O artesão, que se satisfaz com o facto de ter seus trabalhos vendidos, comprados e oferecidos por pessoas renomadas, conta que um dos momentos mais altos da carreira foi o facto de o ex-Presidente da República, José Eduardo dos Santos, ter oferecido uma das suas peças ao presidente do Botswana. “Para mim aquele foi um dos melhores momentos da minha vida!”.

Trabalhando por conta própria, há mais de 30 anos, Mestre Tigre já teve parcerias com diferentes pessoas, tendo exposto os seus trabalhos no Hotel Trópico e feiras no centro da cidade, pelo que é na cidade que almeja ter a sua própria oficina, pois acredita que “lá as pessoas sabem o verdadeiro papel das artes”. Todavia, por falta de condições, ainda trabalha em casa, localizada no bairro Boa Esperança, no distrito do Kicolo.

Apesar das dificuldades, o artista, que sempre manteve a cabeça erguida, sorriso no rosto e Deus no controlo de tudo, afirma que é possível viver de arte em Angola, já que, “desde que saí da tropa, não fiz outra coisa, a não ser o artesanato”, mas reconhece que a arte, actualmente, está a perder o terreno.

Para João Silva, a classe artesanal vive um completo abandono. “A cultura é um valor que dignifica o país e merece ser respeitada e valorizada, sempre fomos marginalizados, excluídos, maltratados, por sermos zairenses. Naquela época não existia Ministério da Cultura, era Secretaria de Estado para a Cultura, mas, mesmo assim, não desistimos e estamos aqui, firmes e fortes”.

 “Mesmo aquele que não estudou pode tornar-se um bom artesão, o Governo precisa olhar para nós com mais amor e respeito, ainda há muita diferença entre um iletrado e um académico, claro que os dois não vão ter o mesmo salário, mas ambos merecem respeito”, defende.
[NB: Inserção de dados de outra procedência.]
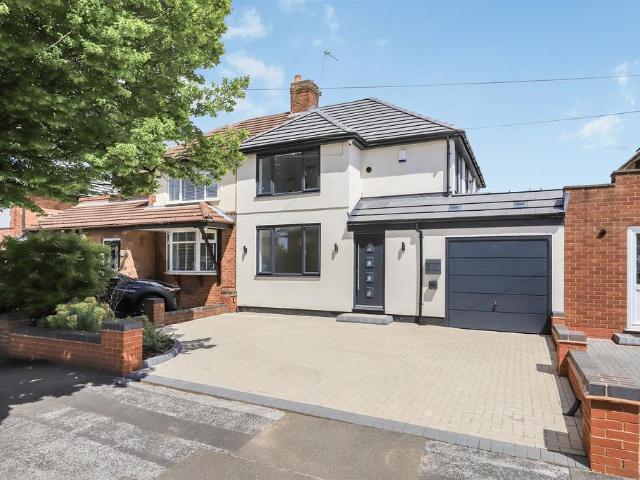 House for sale in Ashmore Lake, Willenhall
As peças feitas por Mestre Tigre não têm um preço fixo, pois tudo depende do material a usar, do local a ser vendido e do tamanho. “Por exemplo, uma estátua que representa uma mulher angolana, com tranças de linha, com uma altura de, aproximadamente, dez centímetros, numa exposição, venderia a AKZ 25.000 ou 30.000, mas no bairro pode ser vendida a AKZ 18.000”, diz, acrescendo que as peças menores podem custar AKZ 4 a 5.000,00.